Patrick Leigh Fermor’s A Time of Gifts is an account of how, at 18, he walked from the Hook of Holland to Constantinople. This was in the 1930s. Self finally got to it just a few years ago.
Fermor documented a time and place that, several years later, would be destroyed forever. A Time of Gifts is a wonderful book. Self will never, ever forget it.
Now, she is trying to catch up on her Economist reading, and she ends up lingering in the Books section, where there is a review of a posthumously published volume (Fermor died two years ago, at age 96).
Reading the review, self learns that Fermor wrote a second book, Between the Woods and the Water, which “covered his 1934 walk through Hungary and Transylvania, where he was as much at home in hayricks as in the hovels of gypsies.” Oh, joy! Self immediately added this book to her reading list.
But the third book, the posthumously published The Broken Road: From the Iron Gates to Mount Athos, is also fascinating.
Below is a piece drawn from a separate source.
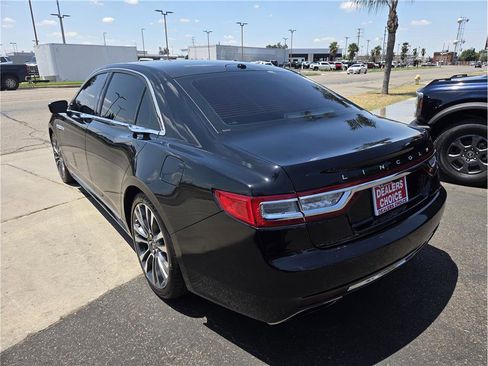 Used 2017 Lincoln Continental Reserve FWD image 7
It is “the full contemporary account of his time at Mount Athos,” and while it lacks some of the “magic” of the earlier books, it “has an elegiac tone. None of the people described survives and the countries visited have undergone wars and revolutions, leaving them virtually unrecognisable.”
In other words, the various “tribes” of the Balkans and central Europe were every bit as endangered as the Native American tribes who ruled from sea to sea, or the native tribes of New Guinea and other parts less traveled.